A bordo do simulador de vôo mais moderno do planeta, até nosso repórter pode ser transformado em um piloto de avião.

Por Da Redação Materia seguir SEGUIR Materia seguir SEGUINDO
Atualizado em 31 out 2016, 18h39 - Publicado em 31 Maio 2001, 22h00

Rafael Kenski

Eu não tinha a menor idéia de como se dirige um avião. Mesmo assim, estava prestes a assumir o comando de um Airbus A320, aeronave capaz de carregar 150 passageiros e atingir uma velocidade de mais de 900 quilômetros por hora.

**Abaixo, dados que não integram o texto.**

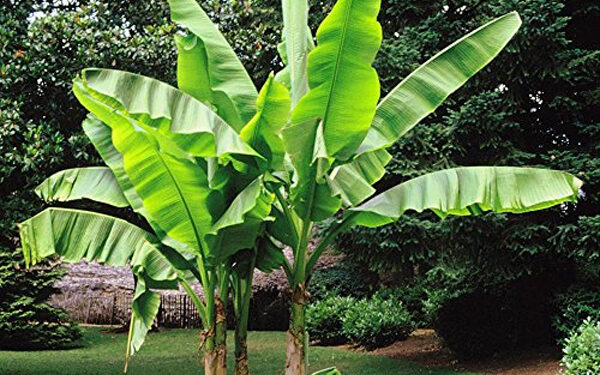 केळीवरील कुकुंबर मोझॅक विषाणूपासून काळजी घेण्याचे आवाहन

Só não era uma missão suicida porque eu jamais sairia de dentro daquele galpão, próximo do Aeroporto de Guarulhos, São Paulo. Tinham acabado de instalar ali o impressionante maquinário que compõe um simulador de vôo de última geração – e lá estava o único jornalista brasileiro convidado a sentir na pele como se opera toda aquela fantasia tecnológica: eu.

A garantia de que eu não passaria vexames maiores estava em meu anfitrião e co-piloto Chris Fauquier, diretor do Centro de Treinamento da América do Sul da CAE, empresa canadense que domina 80% do mercado mundial de simuladores de vôo profissionais. O aparato todo, um monstro metálico de 13 toneladas, é essencialmente uma cabine suspensa no ar por mecanismos hidráulicos que reproduzem os movimentos da aeronave. Todos os comandos são processados por uma parede de computadores com mais de 10 metros de comprimento, contendo os mesmos instrumentos e sistemas de um avião de verdade. Só faltam mesmo as aeromoças me servindo cafezinho e os passageiros pedindo para conhecer a cabine de comando – até o cheiro do ar condicionado é idêntico.

Os instrumentos de controle são basicamente três: o manete, alavanca à minha direita que regula a potência das turbinas; o painel à frente que indica a velocidade, a altitude e a inclinação da nave; e o joystick à esquerda (que os pilotos de verdade chamam de sidestick) que controla a direção propriamente dita, servindo para deslocar o avião tanto para cima quanto para os lados.

Não tem videogame que se compare a isso. Assim que eu sento na poltrona de piloto, aparece na minha cara, como numa imensa tela de cinema, a paisagem 100% carioca: lá adiante o Pão de Açúcar e, logo abaixo, a pista de decolagem do Aeroporto Santos Dumont. Arrepio na espinha. Vai começar a aventura. Chris destrava os freios e estende os flaps – aquelas extensões das asas que dão maior sustentação ao avião e permitem que ele voe em velocidades baixas. Quando eu empurro o manete para a frente, a nave dispara na pista – e o coração dispara no peito. Qualquer suspeita quanto ao realismo da simulação se desfaz imediatamente, pois a força da aceleração me faz grudar na poltrona. O barulho do motor é ensurdecedor. Até a trepidação provocada pelas ranhuras no asfalto é reproduzida pelo simulador.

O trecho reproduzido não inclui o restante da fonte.